If a person dies without a Will, and the closest relatives are aunts, uncles and first cousins, do they inherit in New York?
The answer is YES, but there are some special rules. Aunts, uncles and cousins can inherit if there is nobody in the prior inheritance classes (spouse, kids, parents, siblings, nieces or nephews). Here are just a few of the special rules:
- Usually first cousins are not permitted to serve as Administrators of an Estate. The Public Administrator (in the 5 boros, Nassau, Suffolk and Westchester) generally serves as Administrator in cousin cases. In the other Counties the tax assessor acts as Administrator.

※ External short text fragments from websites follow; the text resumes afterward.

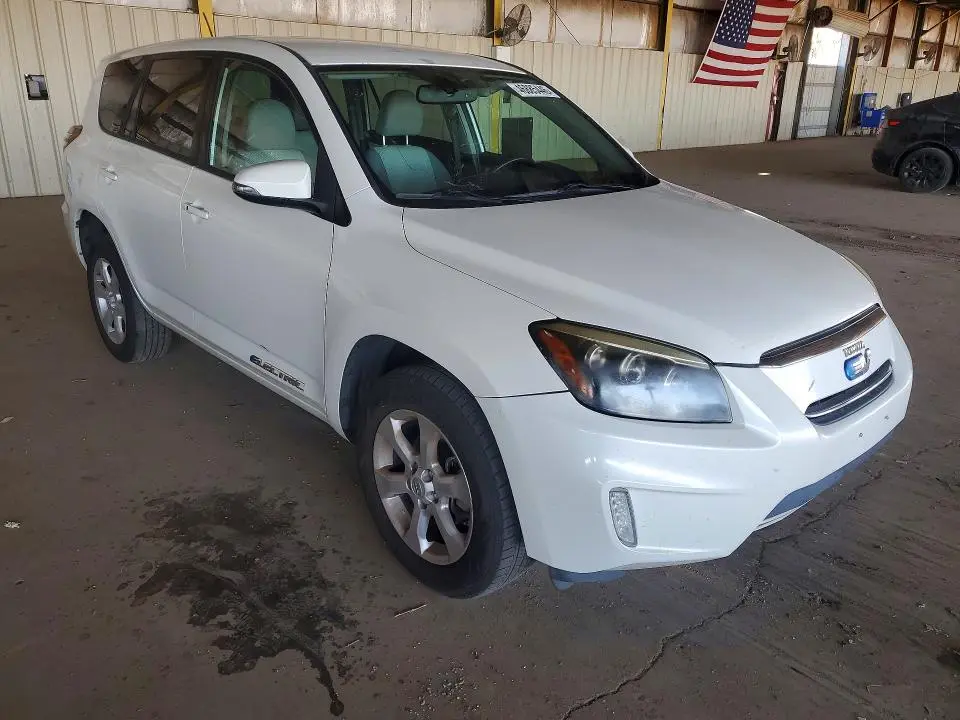 2013 TOYOTA RAV4 EV BASE  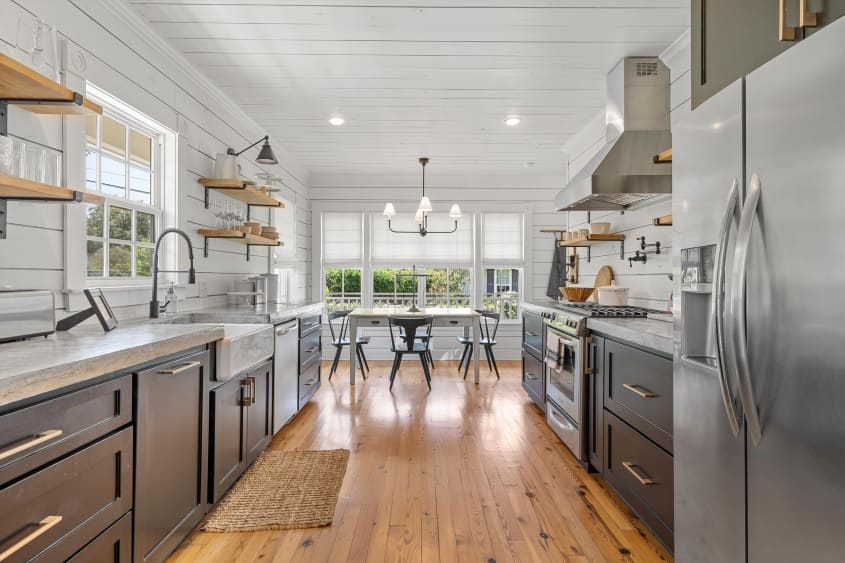 Chip & Joanna Gaines' Magnolia House Is for Sale Apartment Therapy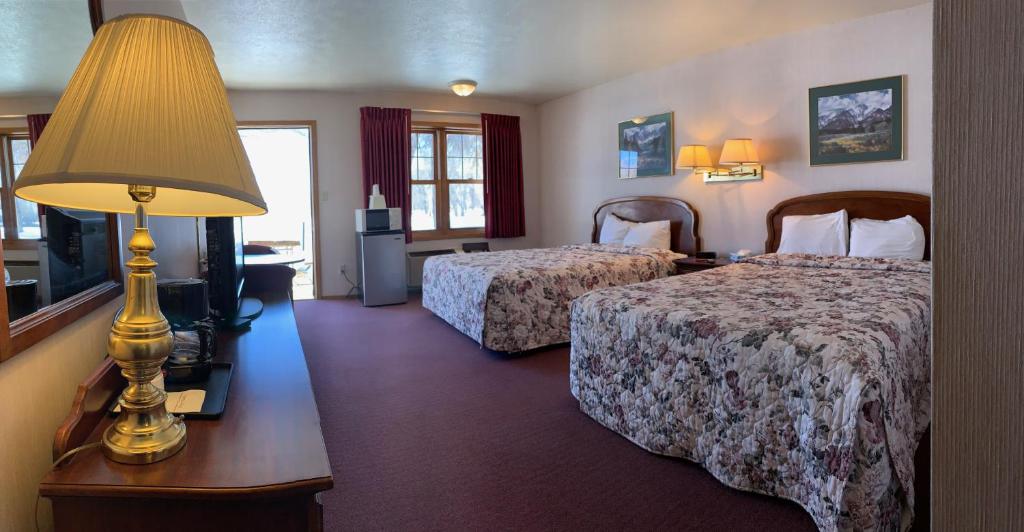 The Gunnison Inn at Dos Rios Golf Course - image 3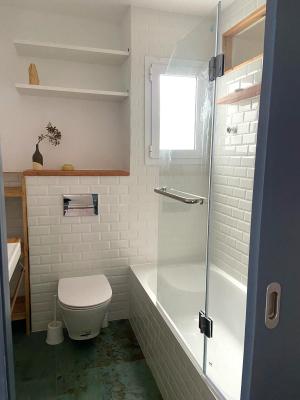 Ático con vistas al mar y a Montjuic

- In cousin inheritance cases the Estate is divided into two halves, the maternal and paternal sides. In a cousin case we must look at the status of aunts/uncles/cousins on the decedent’s mother’s and father’s side of the family. As an example, if there is one cousin on the father’s side and ten cousins on the mother’s side, the paternal first cousin gets 50% and the ten maternal cousins split 50% ten ways. Life is hard sometimes.
- First cousins once removed (children of first cousins) can only inherit if there are no other first cousins on either side of the family. First cousin once removed cases can be tough.
When the Public Administrator handles an Estate, they do anything and everything that a typical family member Administrator would do. They sometimes arrange burial, they clean out apartments and houses, they search for a Will, they receive mail, they sell houses or apartments, they marshal accounts and assets, they deal with claims of creditors, they file tax returns, and ultimately they try to figure out who is legally entitled to receive the inheritance.
When they reach the point where an Administrator would ordinarily pay the money to the heirs, the Public Administrator will file an “Accounting Proceeding”. Essentially, they set forth for the Court what they have done, detailing all the money taken in and paid out, and ask the Court to approve the way they have handled the money and the claims, and to approve fees for their attorneys. The final thing the accounting proceeding requests is a determination regarding WHO is entitled to receive the balance of the money. The Public Administrator does a kinship investigation, so they generally list (and notify) the people they believe are the cousins. However, in the Accounting Proceeding they refer to the cousins as “alleged” cousins.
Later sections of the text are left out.